◆ INSTRUCTIONS TO FOLLOW: Extract all lines from the data beneath that include the word "indicar".

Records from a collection

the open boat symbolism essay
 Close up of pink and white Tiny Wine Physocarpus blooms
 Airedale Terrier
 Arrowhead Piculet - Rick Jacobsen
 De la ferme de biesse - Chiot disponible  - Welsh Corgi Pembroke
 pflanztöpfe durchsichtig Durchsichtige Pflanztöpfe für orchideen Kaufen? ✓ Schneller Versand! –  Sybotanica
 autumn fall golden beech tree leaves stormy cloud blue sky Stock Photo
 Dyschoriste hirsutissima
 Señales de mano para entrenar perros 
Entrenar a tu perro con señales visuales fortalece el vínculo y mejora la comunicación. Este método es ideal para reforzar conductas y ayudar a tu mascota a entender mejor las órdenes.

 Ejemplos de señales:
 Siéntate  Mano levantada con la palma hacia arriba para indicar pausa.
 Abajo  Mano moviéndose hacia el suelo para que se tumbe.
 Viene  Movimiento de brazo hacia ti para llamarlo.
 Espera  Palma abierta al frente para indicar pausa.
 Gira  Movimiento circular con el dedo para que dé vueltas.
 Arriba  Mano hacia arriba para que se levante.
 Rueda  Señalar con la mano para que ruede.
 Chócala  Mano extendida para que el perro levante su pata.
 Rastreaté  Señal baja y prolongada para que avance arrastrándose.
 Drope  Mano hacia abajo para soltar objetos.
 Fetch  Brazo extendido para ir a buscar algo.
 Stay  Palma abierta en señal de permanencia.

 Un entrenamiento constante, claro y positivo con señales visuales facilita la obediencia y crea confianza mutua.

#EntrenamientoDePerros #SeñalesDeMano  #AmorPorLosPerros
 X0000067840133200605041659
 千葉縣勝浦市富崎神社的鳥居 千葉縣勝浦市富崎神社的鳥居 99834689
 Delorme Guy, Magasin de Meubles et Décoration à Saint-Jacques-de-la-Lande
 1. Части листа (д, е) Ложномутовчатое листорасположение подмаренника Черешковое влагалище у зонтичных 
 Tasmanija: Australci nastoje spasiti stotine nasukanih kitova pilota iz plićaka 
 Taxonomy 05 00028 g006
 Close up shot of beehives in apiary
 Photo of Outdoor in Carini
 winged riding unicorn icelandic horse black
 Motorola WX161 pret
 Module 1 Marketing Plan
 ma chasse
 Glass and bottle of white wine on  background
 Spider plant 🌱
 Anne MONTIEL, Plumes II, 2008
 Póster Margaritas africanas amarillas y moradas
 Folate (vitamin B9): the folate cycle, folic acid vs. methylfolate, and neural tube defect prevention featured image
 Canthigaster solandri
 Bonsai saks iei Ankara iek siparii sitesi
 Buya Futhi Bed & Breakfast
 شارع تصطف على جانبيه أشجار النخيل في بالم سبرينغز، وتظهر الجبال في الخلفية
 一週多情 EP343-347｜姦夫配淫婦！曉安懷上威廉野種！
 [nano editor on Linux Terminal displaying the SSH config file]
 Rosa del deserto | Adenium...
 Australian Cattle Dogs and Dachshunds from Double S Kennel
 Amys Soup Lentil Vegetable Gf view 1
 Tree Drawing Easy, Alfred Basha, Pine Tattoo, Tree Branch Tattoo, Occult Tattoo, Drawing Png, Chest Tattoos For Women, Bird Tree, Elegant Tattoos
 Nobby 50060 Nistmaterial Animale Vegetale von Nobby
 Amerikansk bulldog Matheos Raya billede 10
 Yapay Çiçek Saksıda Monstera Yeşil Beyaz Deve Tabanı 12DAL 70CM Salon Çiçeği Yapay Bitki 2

◆ ANSWER FOR THIS EXERCISE:
 Siéntate  Mano levantada con la palma hacia arriba para indicar pausa.
 Espera  Palma abierta al frente para indicar pausa.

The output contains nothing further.